Top of RECORDS PROVIDED

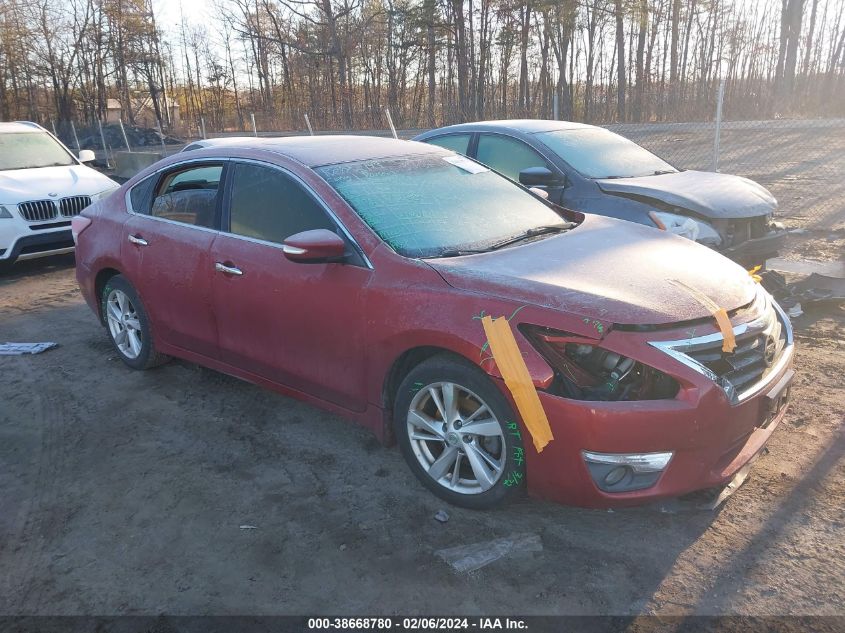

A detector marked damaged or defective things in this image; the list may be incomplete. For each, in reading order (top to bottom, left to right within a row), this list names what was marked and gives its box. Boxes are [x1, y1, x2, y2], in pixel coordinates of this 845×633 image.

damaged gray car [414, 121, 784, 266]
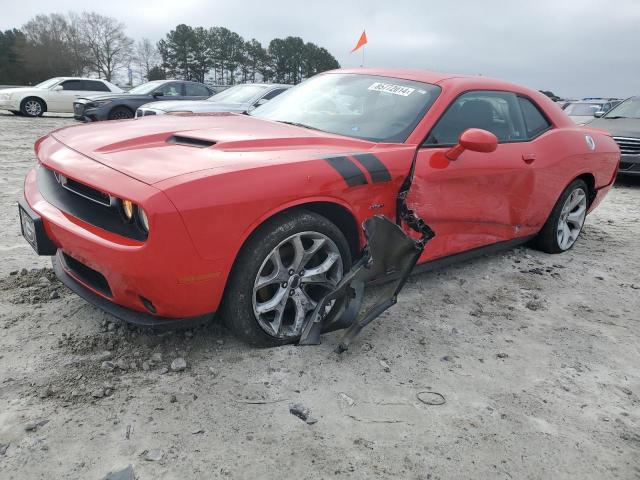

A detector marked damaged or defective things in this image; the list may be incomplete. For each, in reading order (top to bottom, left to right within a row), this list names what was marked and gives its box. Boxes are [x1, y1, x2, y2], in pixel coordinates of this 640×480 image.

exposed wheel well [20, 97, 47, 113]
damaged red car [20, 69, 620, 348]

Bottom of RECORDS PROVIDED
Top of RECORDS PROVIDED

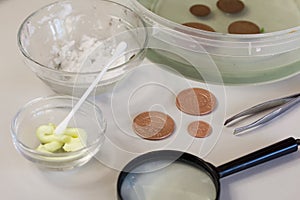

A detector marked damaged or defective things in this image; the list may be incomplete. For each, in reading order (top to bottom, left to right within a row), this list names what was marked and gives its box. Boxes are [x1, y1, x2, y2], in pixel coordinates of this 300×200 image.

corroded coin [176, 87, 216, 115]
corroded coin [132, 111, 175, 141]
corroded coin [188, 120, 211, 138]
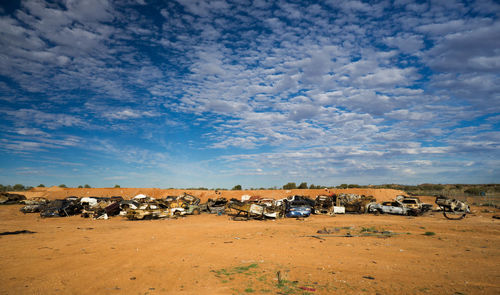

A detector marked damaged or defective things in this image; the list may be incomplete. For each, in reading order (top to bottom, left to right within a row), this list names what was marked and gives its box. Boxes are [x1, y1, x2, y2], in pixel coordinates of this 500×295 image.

Bottom of RECORDS PROVIDED

Please transcribe exactly the part of the records that opens with the line containing "this 300×200 image." and closes with the line containing "this 500×295 image.", both ends included, and leave out the pictures.

A detector marked damaged or defective things in this image; the list may be incomplete. For each, in reading order (top to bottom, left to right within a row), this list names what was marked and gives its box. Boxes are [x1, y1, x2, y2], in pixel coordinates of this 300×200 image.

corroded coin [176, 87, 216, 115]
corroded coin [132, 111, 175, 141]
corroded coin [188, 120, 211, 138]

A detector marked damaged or defective things in this image; the list may be incomplete. For each, in reading order (top to bottom, left to right within a row), this list names what was marked and gives its box. Boxes are [x1, y1, x2, y2], in pixel coordinates of this 500×295 image.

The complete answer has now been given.